→ **Given information**
☆ ☆ ☆ ☆ ☆
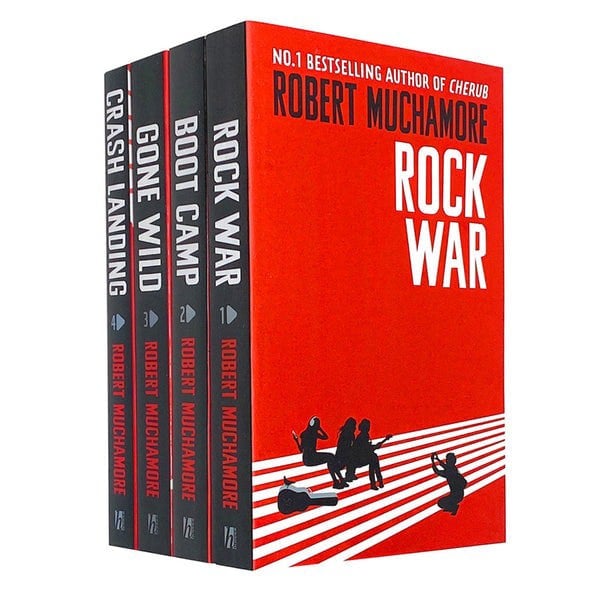 Hodder Robert Muchamore Rock War Series (1-4) Collection 4 Books Set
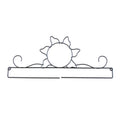 12in Sun Split Bottom With Screws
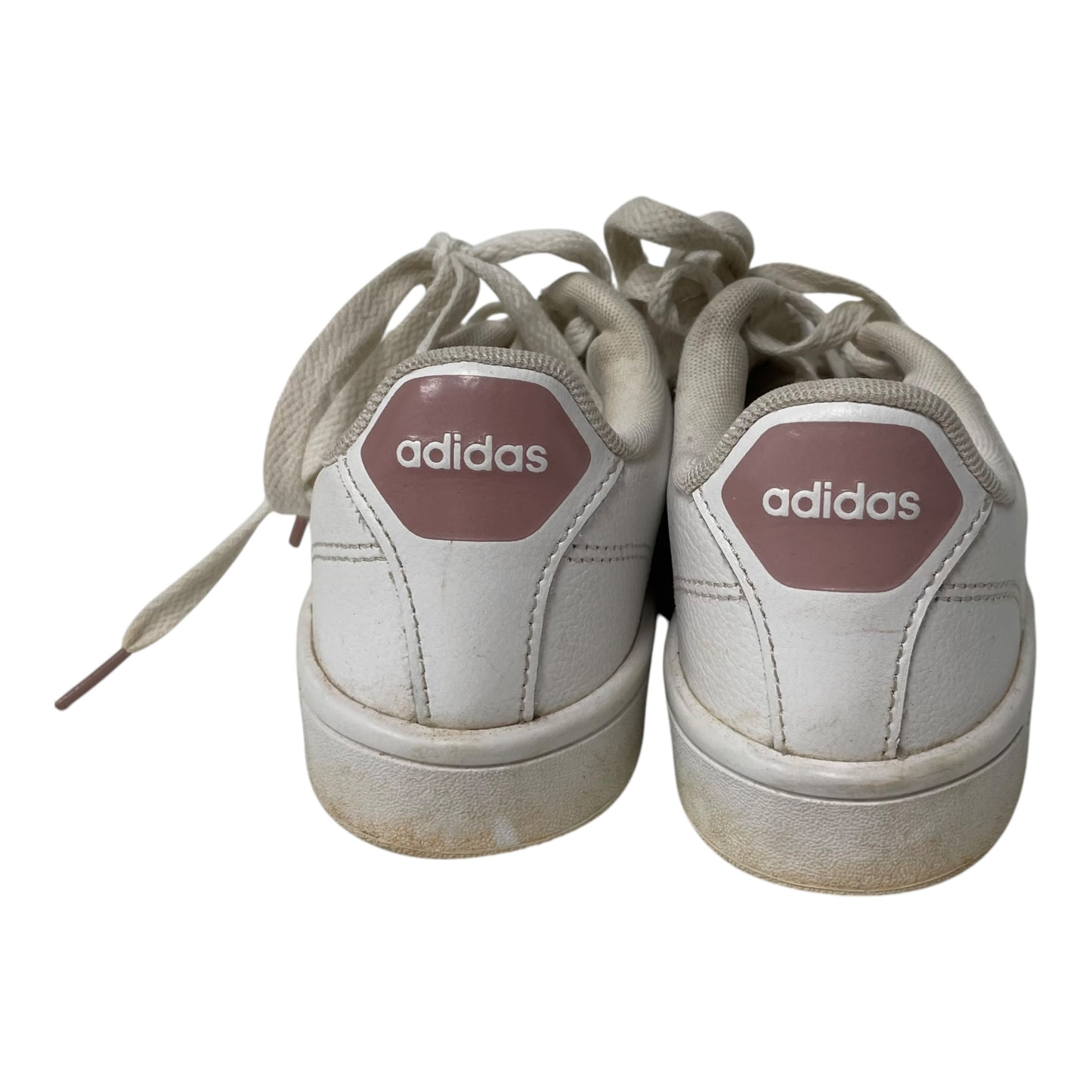 Shoes Sneakers By Adidas In Pink & White, Size: 6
☆ ☆ ☆ ☆ ☆
→ **Task item**
Once the pictures are set aside, repeat the data above exactly.

→ **Exercise output**
 Hodder Robert Muchamore Rock War Series (1-4) Collection 4 Books Set
 12in Sun Split Bottom With Screws
 Shoes Sneakers By Adidas In Pink & White, Size: 6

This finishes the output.